Photograph by Lucas Payne, My Shot
The 277-mile (365-kilometer) Superior Hiking Trail, which hugs a ridgeline above the Lake Superior shoreline between Duluth and the Ontario border, is the best long hike in the country between the Continental Divide and the Appalachian Trail. It covers rugged terrain—bluffs, cliffs, and the spine of the ancient Sawtooth mountain range—as it traces streams and skirts wild rivers, rises to mighty bluffs overlooking the great lake, and plunges into deciduous forests of birch, aspen, and maple interspersed with redolent stands of boreal spruce and balsam. Massive beaver dams compete for the title of Minnesota’s Hoover—you cross over one on a 440-foot (134-meter) boardwalk.
The Superior serves up every sensation of a great wilderness hike, but adds in all sorts of flexibility. With 30 trailheads near roads and towns, plus 86 free backcountry campsites, the trail lets you get away for a long weekend or embark on a three-week epic with the possibility of crashing at an inn or two along the way. (Zealous thru-hikers add in extensions on the 65-mile/105-kilometer Border Route Trail and the 40-mile/64-kilometer Kekekabic in the Boundary Waters Canoe Area.)
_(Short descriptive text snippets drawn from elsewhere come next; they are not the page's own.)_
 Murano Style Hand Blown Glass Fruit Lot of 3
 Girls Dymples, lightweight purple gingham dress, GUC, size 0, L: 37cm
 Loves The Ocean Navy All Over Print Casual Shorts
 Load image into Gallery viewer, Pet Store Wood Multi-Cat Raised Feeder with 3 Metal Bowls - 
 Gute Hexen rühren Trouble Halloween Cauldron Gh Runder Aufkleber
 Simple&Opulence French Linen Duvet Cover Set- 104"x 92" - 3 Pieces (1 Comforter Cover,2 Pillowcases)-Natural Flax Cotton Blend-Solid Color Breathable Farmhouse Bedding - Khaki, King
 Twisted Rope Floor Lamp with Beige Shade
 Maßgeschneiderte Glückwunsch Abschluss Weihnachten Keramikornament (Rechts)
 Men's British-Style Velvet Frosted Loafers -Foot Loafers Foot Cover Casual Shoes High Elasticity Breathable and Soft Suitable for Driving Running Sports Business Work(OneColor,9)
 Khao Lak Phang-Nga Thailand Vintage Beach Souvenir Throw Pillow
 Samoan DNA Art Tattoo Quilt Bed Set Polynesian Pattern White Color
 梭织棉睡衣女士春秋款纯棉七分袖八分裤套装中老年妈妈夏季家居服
Sightings of moose, bears, beavers, wolves, coyotes, or grouse are possible. At times you’re strolling through carpets of leaves, and at others ascending a bald for yet another dramatic lake vista—from the south you can spy the Apostle Islands; from the north, Isle Royale. Fall brings out the best in the Superior Trail—lower humidity, fewer bugs, intense colors, and a migration of hawks and eagles.